To talk a bit more about the book, I doubt that if I can have a definite calendar for it to wrap it up. Many other projects need to start growing simultaneously, and the book is something I wouldn't want to hurry on. Although, I have to be cautious to not let it slip off. 

Last week, I finished the 25th page of my book. This page came from a snug hole memory of my childhood days. The days when the whole locality used to gather up at the few homes where a T. V. set was available to watch the evening films being shown on Door Darshan. We had a 'Weston' television, neighbourhood  kids, and some elders would gather in our drawing room for the Saturday films. Jaggery, puffed rice and roasted gram was the popcorn of a small town. Those who had other task to move on to or couldn't find a place inside would watch the film through the window grill. 

I believe such evenings don't belong to just my childhood, but of many others who grew up in late eighties and early nineties. I have tried to capture those evenings in the page 25 of the book. I imagined it to be more of a crowded page, but subconsciously the elements from the drawing room's decor propped into the page too while I was penciling. It seemed justified to let these things retain its share in the page. Here are the three step process of drawing, inking and colouring the page - 

Saturday, December 15, 2012


Whenever I am in the MG Road vicinity, tea at Koshy's and then strolling down to Blossom's on Church Street has become an old habit. At Blossom's I would drop my bag at the counter and climb the stairs up to look for new graphic novels and hunt for old editions of classics. During one of such activities, I came across the P. G. Wodehouse series published by Penguin with covers done by an illustrator who signed off as 'Ionicus'. The cover had crumpled edges, but the artwork it embodied had crisp, clean lines demarcating the skilled use of watercolours. It had a simplicity and beauty one would like to belong to, and the pictures told the reader what awkwardness was stored in the book. From that day onwards, I have often spent a lot of time excruciating my eye filtering such publications out of huge stacks lying in the back shelves of Blossom's. With luck, I have found four so far. I believe, the staff only shell out a few copies out to keep luring me in time after time. And like a cat, I know the precious bait too well to surrender. If any of you lucky ones have got a copy of Ionicus's illustrated cover, please do mail me a scan of it on I will be extremely grateful to you for this. 

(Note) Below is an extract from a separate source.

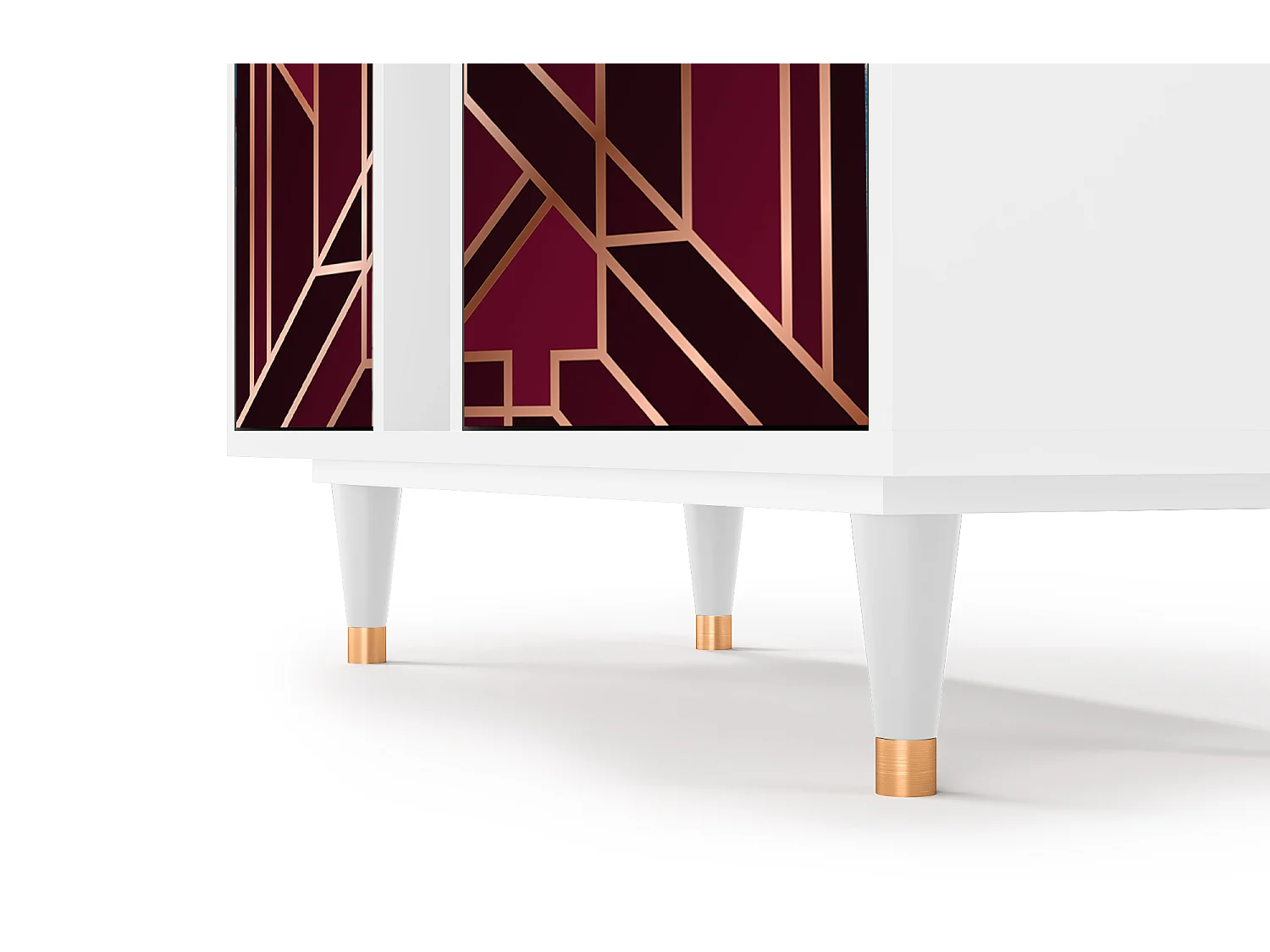 Buffet - 94х96х41 cm - BS5 - Burgundy Jewelery, Blanc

Ionicus was the pen name of Joshua Armitage (26 September 1913 – 1998), an English illustrator.
He is best known for drawing the covers for a wide range of Penguin editions of P. G. Wodehouse, though he also contributed cartoons and drawings to Punch for more than 40 years, and provided cover designs and text illustrations for nearly 400 books in total.
- Wikipedia

Tuesday, December 11, 2012

Precious Gift

But you must also know this, Thoma, you must accept the inescapable truth. Even an alcoholic gives his son a gift. A precious gift, in fact. You will never ever be a drunkard. That is how it is, that is how it goes.

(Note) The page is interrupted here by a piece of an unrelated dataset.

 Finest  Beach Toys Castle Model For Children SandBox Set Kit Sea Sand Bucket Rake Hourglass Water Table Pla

The happiest man in the world are the men who swore that they would never become their fathers. That is how the alpha males became endangered. Their sons decided that they would not become their fathers, they would be decent men, they would not sleep with strangers through the night, they would buy curtains, they would transfer food from large bowls into smaller bowls and put them in the fridge, they would not be their fathers. In a world full of new men who did not want to be their fathers, what chance did the alpha males have?
- The Illicit Happiness of Other People, Manu Joseph 

Sunday, December 2, 2012

Brainwave. Issue 25. Doomsday Alerts

Apart from being a hermit, and working on my graphic novel, I have been doing occasional freelance work for Brainwave. The next issue's theme was decided long time ago by the Mayans when they ran out of wall space to extend the calendar dates. Which has over the years helped a lot of production houses and news channels in killing air time with their Nostradamus gymnastics. Leaving the horrendously looped conspiracy videos aside, here's my take on the cover - 

I also did a spot illustration for the 'Geek Speak' section.